Compton's argument fails, for several reasons. First, Compton's $8.6 million damage calculation assumes that the PHA required Apache to measure the BS&W content in W&T's production using a proportional-to-flow sampler. Counsel for W&T conceded during the August 6, 2013 hearing that the $8.6 million "number is out the door" if Apache had no contractual obligation to use the proportional-to-sampler. (Docket Entry No. 100 at 82). The PHA did not require Apache to measure W&T's production using a proportional-to-flow sampler. Second, as noted above, the PHA did not incorporate the COPAS Guidelines; neither AG-21 nor AG-19 was a contract term. AG-19 is also inapplicable because it pertains to expenditure audits, not revenue audits like the audit to which W&T excepted. (Docket Entry No. 70, Ex. 11 at 1). Third, Opinion B, like Opinion A, would provide W&T with windfall damages. It is undisputed that W&T's production contained substantial amounts of BS&W. Measurements W&T took at its own platform showed that on average BS&W made up 28.55% of W&T's production. (Id., Ex. 4 at 25). Failing to adjust for BS&W would overallocate approximately 200,000 barrels to W&T. (Id., Ex. 4 at 196). Such a result goes beyond making W&T whole for any misallocation. See Ducote, 706 So. 2d at 675.
Apache's motion for summary judgment that the $8.6 million damage calculation in Opinion B is an improper measurement of damages is granted. W&T's motion that the $8.6 million is a valid measure of damages is denied.
3. Opinion C
Compton's report included a third alternative damage figure that adjusted W&T's production for BS&W. Rather than using Apache's BS&W measurements, Compton adjusted W&T's production using shakeouts that W&T took on its own platform, ST-229. (Docket Entry No. 70, Ex. 2 at ¶ 69). Compton did not explain why W&T's shakeouts were more reliable than Apache's.
The shakeouts W&T took on its platform averaged 28.55% BS&W. (Id., Ex. 4 at 26-27). Compton adjusted W&T's production by 28.55% and concluded that Apache owed W&T $4,776,240.33. Compton examined Apache's well tests, but he did not use them in his calculations because he believed they were "incomplete and inconsistent." (Id., Ex. 2 at ¶ 49). Apache contends that the PHA precludes Compton's methodology and that he reached an absurd result.
Apache argues that Compton's failure to use Apache's well tests in damage calculations violates § 6.01(c) of the PHA. Section 6.01(c) states that "Other Production," which includes Apache's production, "will be determined based on production information obtained from well tests." (PHA § 6.01(c)). Apache argues that the PHA bars using an allocation determination that fails to use its own well-test data. (Docket Entry No. 70 at 15). This argument is unpersuasive because § 6.01(c) does not require using only Apache's well tests to allocate production between Apache and W&T. The PHA does not bar W&T from presenting a damage calculation based on its own well tests provided that it explains why it rejected the Apache well tests as inaccurate. Compton at least presents such an explanation.
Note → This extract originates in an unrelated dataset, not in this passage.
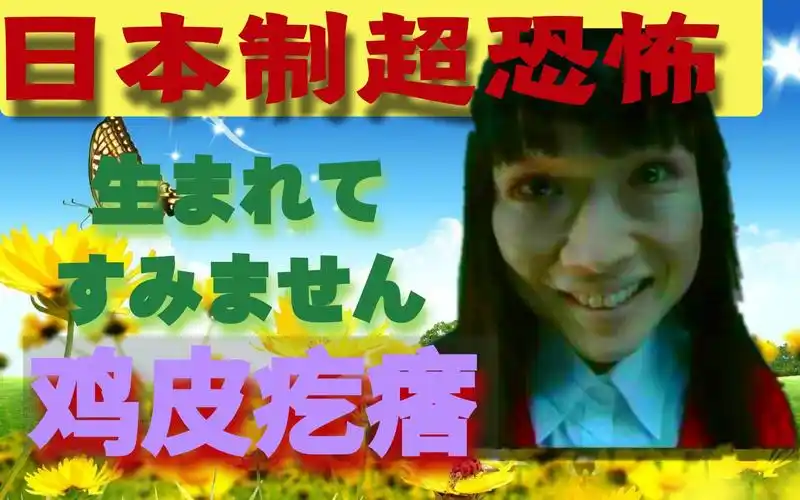 怪兽这片击中了我恐怖的笑点日剧鸡皮疙瘩no1一次7个小故事不过瘾爱咋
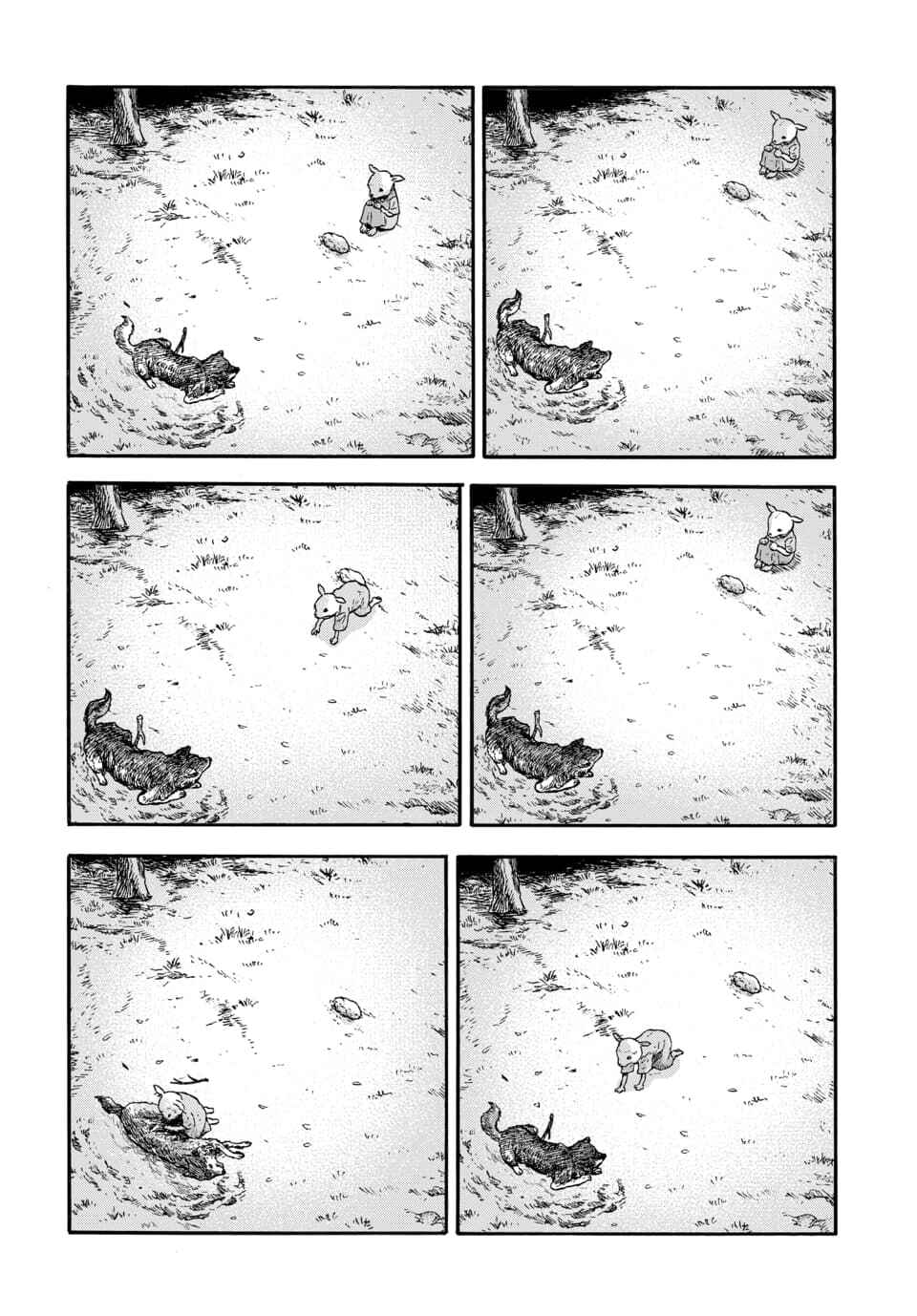 Doubutsu Ningen Chapter 9 - Page 10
Apache is nevertheless entitled to summary judgment because the method Compton used to reach the $4.7 million damage calculation produces results that are incorrect, and as a matter of law, unreliable. Apache has presented uncontroverted evidence that there are at least 39 days in which Compton's calculation method resulted in W&T's total production exceeding the total combined production of W&T and Apache that was actually measured at the LACT meter. (Docket Entry No. 70, Ex. 4 at 53-55). This is an impossible result. To avoid this, Compton capped W&T's daily allocations at 100% of the volume measured at the LACT meter. (Id., Ex. 2 at ¶ 61). This meant that Compton did not allocate any production to Apache on those days even though it is undisputed that Apache's wells were producing throughout the period. A damages calculation that reaches such results is unreliable as a matter of law and inadmissible under Federal Rule of Evidence 702. See Curtis, 174 F.3d at 668.
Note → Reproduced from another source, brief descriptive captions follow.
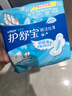 护舒宝瞬洁丝薄卫生巾量多日用284mm18片姨妈巾试用京东自营官方旗舰 实拍图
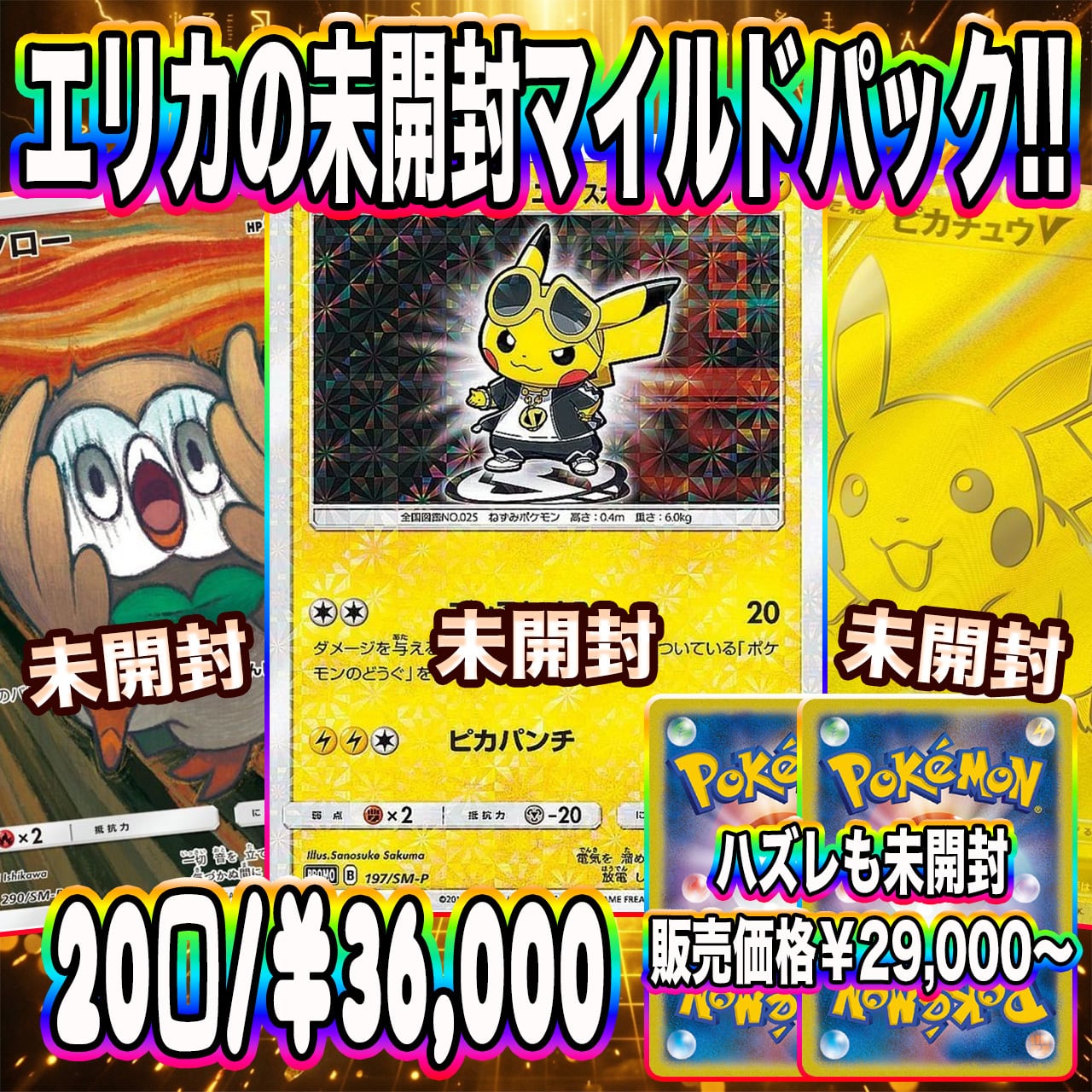 ポケカ】エリカの画像内確定 未開封パック! 06/20-9 | エリカのカード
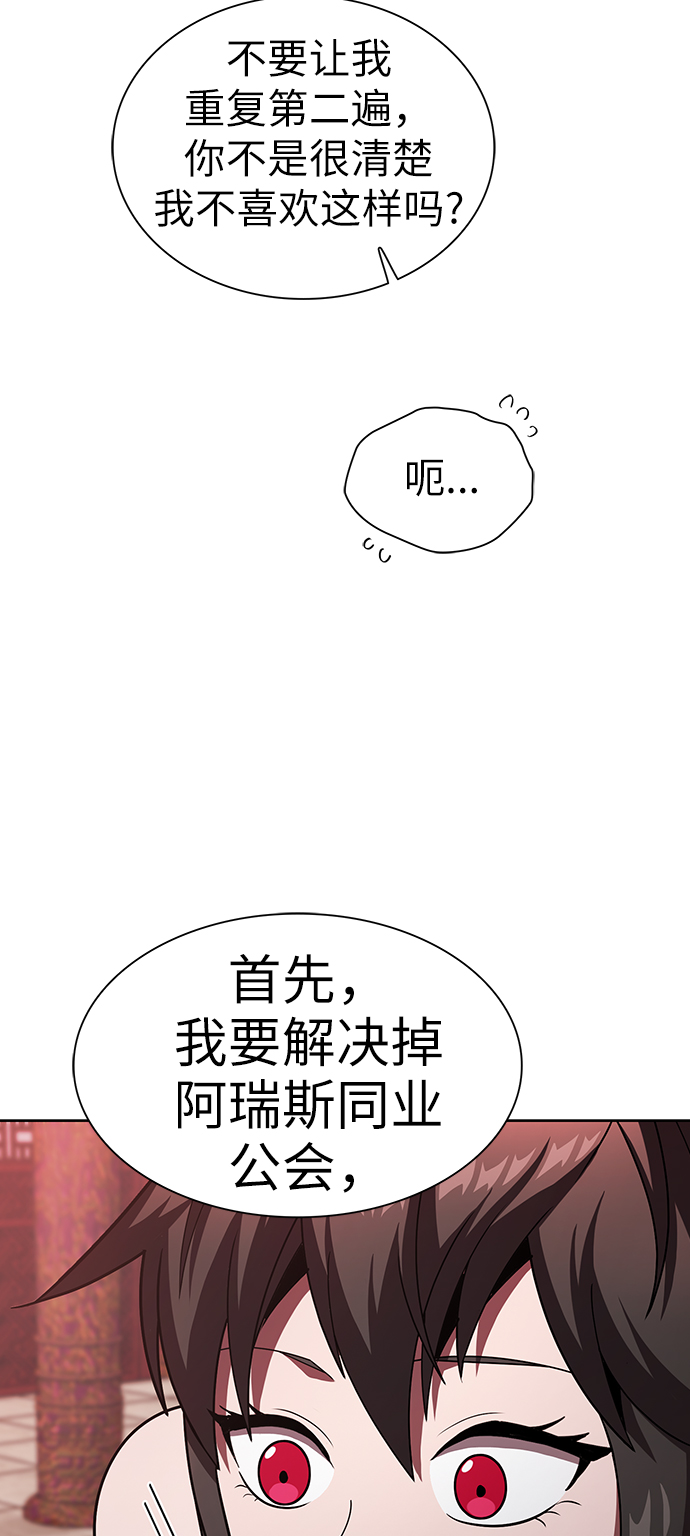 第48话69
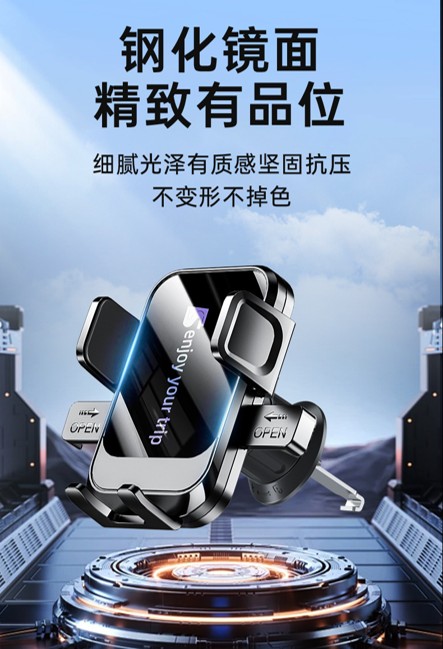 Vacuum Suction Extendable Phone Holder - Image 5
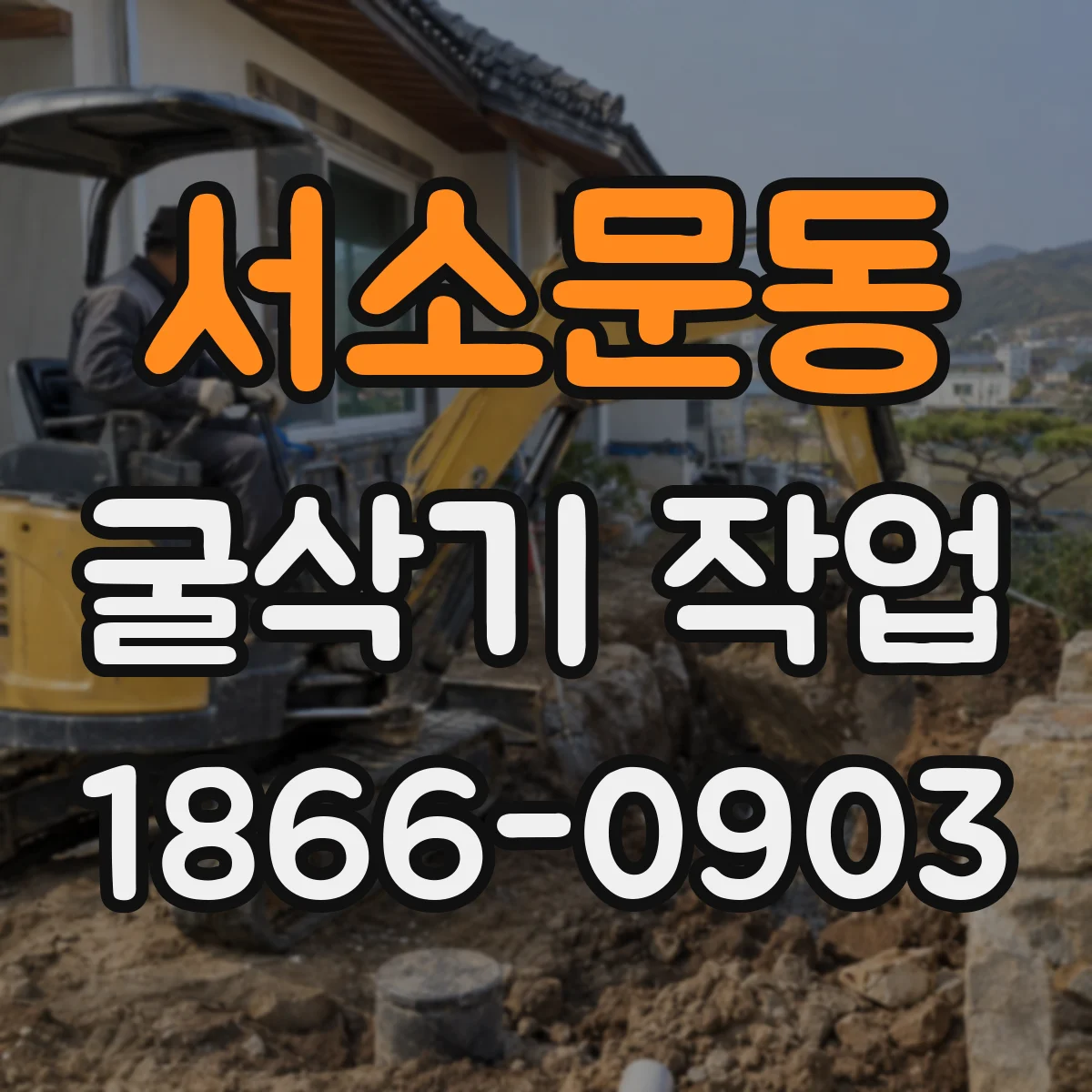 서소문동 굴삭기 작업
Counsel for W&T claimed at the August 6, 2013 hearing that Apache's lack of production on these 39 days may be due to the fact that it stored its production in tanks located on the GI-116 platform. (Docket Entry No. 100 at 86-87). W&T has not cited any summary-judgment evidence supporting this assertion.
W&T's motion for summary judgment that it is entitled to $4.7 million in damages if it succeeds in showing that Apache is liable for misallocation is denied. Apache's motion for summary judgment that Compton's third alternative damages measure, resulting in a $4.7 million damages amount, is unreliable and inadmissible, is granted. W&T may not rely on any of the damages-calculation methods or opinions presented in Compton's report.
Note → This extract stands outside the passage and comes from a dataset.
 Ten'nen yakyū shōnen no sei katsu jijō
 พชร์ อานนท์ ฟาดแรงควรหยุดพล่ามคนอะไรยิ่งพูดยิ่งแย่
B. W&T's Damages Claims for the Costs of the Heater Treater, Pipeline, and Processing Equipment
W&T moved for summary judgment on its claim that Apache is liable for the costs of installing the pipeline between ST-229 and GI-116, a heater treater on ST-229, and other processing equipment. (Docket Entry No. 68 at 40-41, 44). Apache seeks $1,114,397.58 for the cost of the heater treater and $8,646,669.70 for the costs of the pipeline and processing equipment. (Id.). Apache has moved for summary judgment denying these damage claims. Apache is entitled to summary judgment because as a matter of law, W&T cannot prove that Apache's alleged breaches either caused it to install the heater treater, pipeline, or other processing equipment, or resulted in damages.
Apache argues that W&T overstates these costs. Any disputes that exist as to costs do not affect this analysis.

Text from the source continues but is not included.